Squishy McFluff: The Invisible Cat!
- Author: Pip Jones
- Illustrator: Ella Okstad
- Cover artist: Okstad
- Language: English
- Genre: Children's chapter book
- Published: 2014 (Faber & Faber)
- Publication place: England
- Media type: Print (paperback)
- Pages: 68
- ISBN: 9780571302505
- OCLC: 1230299588

= Squishy McFluff: The Invisible Cat! =

Children's chapter book by Pip Jones and Ella Okstad

Squishy McFluff: The Invisible Cat! is a 2014 children's chapter book by Pip Jones and illustrated by Ella Okstad.
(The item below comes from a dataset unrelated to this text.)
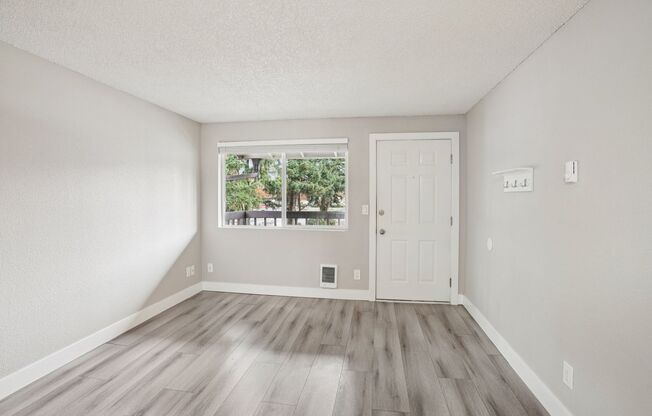 1 bed, 1 bath, 600 sqft, $1,375, Unit D27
Published by Faber and Faber, it is about a little girl called Ava and her invisible friend, a cat called Squishy McFluff, who initially causes trouble around the family home but eventually learns to behave.

==Publication history==
- 2017, USA, Paw Prints ISBN 9781518250651
- 2014, England, Faber & Faber ISBN 9780571302505

==Reception==
A review in Booklist of Squishy McFluff wrote "This playful early chapter book will attract emergent readers with its rhyming text, widely spaced lines, and sweet red-and-blue illustrations.", and Publishers Weekly called it "a punchy rhyming escapade".

Squishy McFluff has also been reviewed by the following book reviewers: Kirkus Reviews, School Library Journal, and Booktrust.

It won the 2012 Greenhouse Funny Prize.